100,000+ expected for feast at Des Plaines' Guadalupe Shrine

Thousands of people will descend on Des Plaines in the next two weeks for the annual Our Lady of Guadalupe celebration.

More than 100,000 people attend the event, which marks the appearance of the Virgin Mary to Juan Diego, an Aztec Indian, in Mexico in 1531. Catholic pilgrims, mostly of Hispanic heritage, trek to the sight of the Des Plaines shrine on foot, bicycle and auto.

Des Plaines police shut down roads and help the visitors safely reach the shrine, which is located at on the Maryville Academy campus, Central and River roads.

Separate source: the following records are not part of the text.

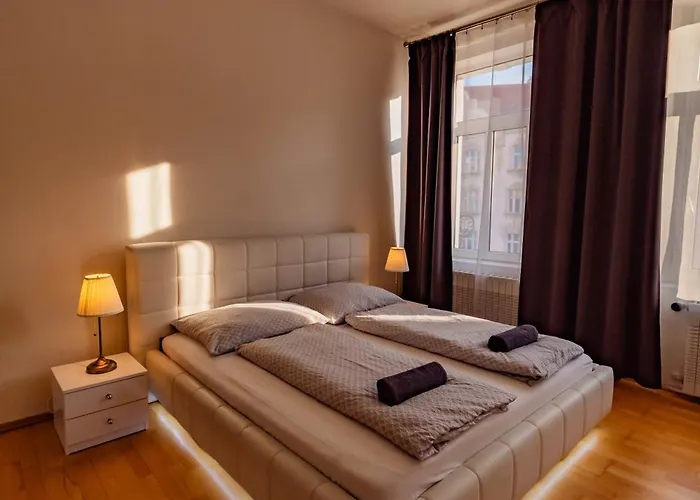5 Bob's - 2 Bedrooms With King Size Beds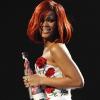 Rihanna lors de la cérémonie des Brit Awards à Londres le 15 février 2011 a reçu le prix de la meilleure artiste féminine internationale dans une robe Oscar de la Renta
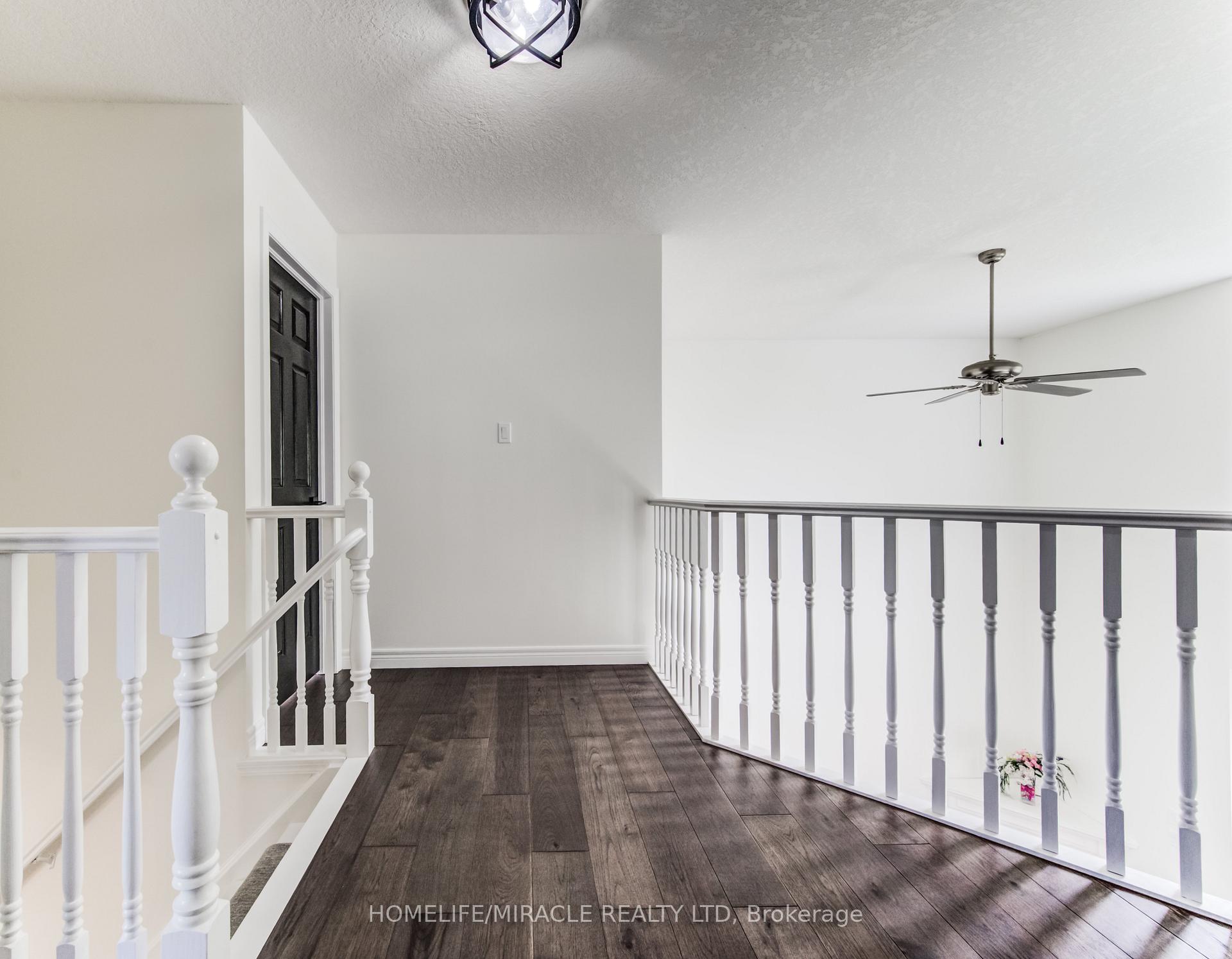 Photo 21 of 124 Winding Wood Crescent, Kitchener, Doon South — HOMEH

A staff member at the shrine said masses would begin around 4 p.m. Wednesday, Dec. 11 at the shrine and repeat every two hours until midnight. Services will resume at 3 a.m. Thursday, Dec. 12, restarting every two hours until 7 p.m. [wowza!]  There will be a special ceremony at 11 a.m. Dec. 11 featuring artists singing to the Our Lady of Guadalupe shrine. That presentation will be broadcast nationally on Univision.

Des Plaines has been a destination for Hispanic Catholics since 1988, when the Our Lady of Guadalupe shrine made its permanent home at Maryville following a yearlong tour of Chicagoland.

The Rev. Marco Mercado, director of the shrine, announced plans last summer to eventually build a church dedicated to Our Lady of Guadalupe on the site.

Plans call for seating for as many as 4,500 people, making it the second largest church dedicated to Our Lady of Guadalupe in the world, behind only Mexico City’s.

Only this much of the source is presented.